Un bruit s’élève dans le ksar, une sorte de martellement cadencé et sourd qui se rapproche lentement. Ce sont les tambours soudanais qui s’avancent. Leur bruit insolite apporte dans le décor saharien de Kenadsa une note plus bizarre d’Afrique plus lointaine.

A travers des siècles d’Islam, les Soudanais ont conservé les pratiques d’une antiquité fétichiste, une poésie de bruit et de gesticulations qui eut son plein sens dans les forêts hantées de monstres. Sur le bondissement sourd des tambours se détache le rire clair des doubles castagnettes de cuivre, liées aux poignées par des lanières de cuir. En tête du cortège quelques nègres dansent. Ils dansent naturellement, pour le plaisir de se trémousser. — Il y a toujours dans les danses sautées quelque chose de nègre. La danse mauresque, dite danse du ventre, a au contraire, par certaines attitudes lentes, une signification de danse sacrée qui vient d’un Orient plus métaphysique.

Derrière les musiciens tapageurs et simiesques, la foule des esclaves chante une mélopée mi-arabe mi-soudanaise, coupée de refrains criards et monotones.

Une nuée d’enfants bourdonne comme un essaim de mouches. Les négrillons sont naturellement comiques avec leurs touffes de cheveux gommés sur leurs petits crânes luisants et leurs chemises terreuses. Les petits blancs, marabouts minuscules en gandouras de couleurs vives, la peau à peine cuivrée par le soleil, les traits fins, ont des airs vaguement chinois, avec leur tresse unique de cheveux lisses retombant dans le dos, du sommet de leur tête rasée. Tout cela rit aux éclats et danse autour des Soudanais impassibles, qui se souviennent vaguement que leur fête est un rite sacré de leur race.
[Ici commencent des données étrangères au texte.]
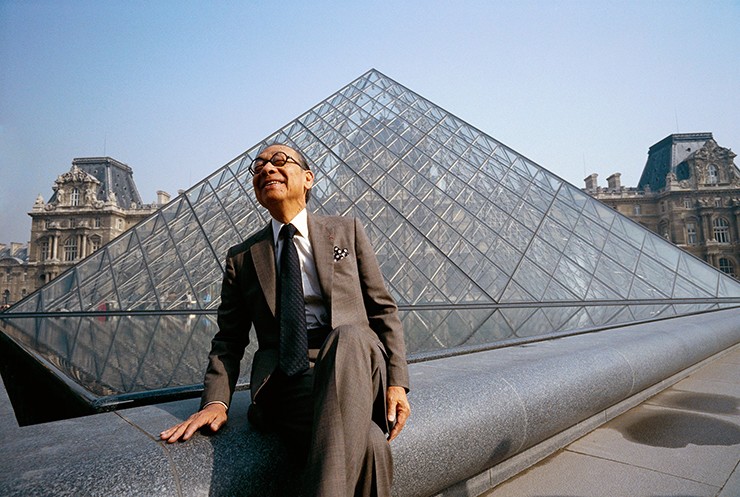 Viện bảo tàng Louvre, Paris; Bảo tàng Tô Châu, Bảo tàng Nghệ thuật Miho ở Nhật Bản và rất nhiều công trình quốc tế khác đều là những kiệt tác của ông Bối Dật Minh.&nbsp;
Les musiciens s’arrêtent, quittent leurs sandales et viennent d’abord baiser les vêtements des marabouts, puis ils se forment en demi-cercle et reprennent leur tapage.

Deux des chanteurs entrent dans le demi-cercle et, l’un en face de l’autre, commencent à danser avec des bonds de singes et de brusques accroupissements. Ils frappent du pied le sol, ils frappent les paumes rosées de leurs mains au-dessus de leur tête. Tout leur vieux sang nègre se réveille et déborde, triomphant des habitudes artificielles de réserve imposées par l’esclavage. Ils redeviennent eux-mêmes, à la fois naïfs et farouches, avides de jeux enfantins et d’ivresses barbares, très proches de l’animalité primitive.

L’un des danseurs surtout s’excite jusqu’à la folie, un vieillard au mufle osseux et aux longues dents jaunes, avec des yeux extatiques.

Je trouve à ce spectacle de sauvagerie une saveur très âpre dans ce décor simple, sur le fond terne des murailles de toub, que le soleil commence à teinter d’une délicatesse de chair rose.

Les Soudanais s’affalent tout à coup prostrés, terrassés. Après une seconde d’inertie, de petite mort, ils se redressent à demi, s’accroupissent péniblement, tournés vers Sidi Brahim.

Une forte odeur de fauve monte de leurs voiles trempés de sueur, de leur peau ruisselante, qui paraît plus noire.

Toutes les mains s’élèvent devant les visages, les paumes ouvertes, comme des livres.

Sidi Brahim récite la « Fatiha », le premier chapitre du Koran.

Puis, il appelle la bénédiction de Dieu et de Sidi M’hammed-ben-Bou-Ziane sur les noirs, sur tous les assistants, les habitants du territoire de Kenadsa, sur tous les Ziania et tous les Musulmanes et toutes les Musulmanes, morts ou vivants.

Après, par une attention touchante, le marabout prie Dieu de protéger et de secourir en tout temps et en tout lieu le serviteur du Seigneur et de son Prophète, Si Mahmoud-ould-Ali l’Algérien… Je salue.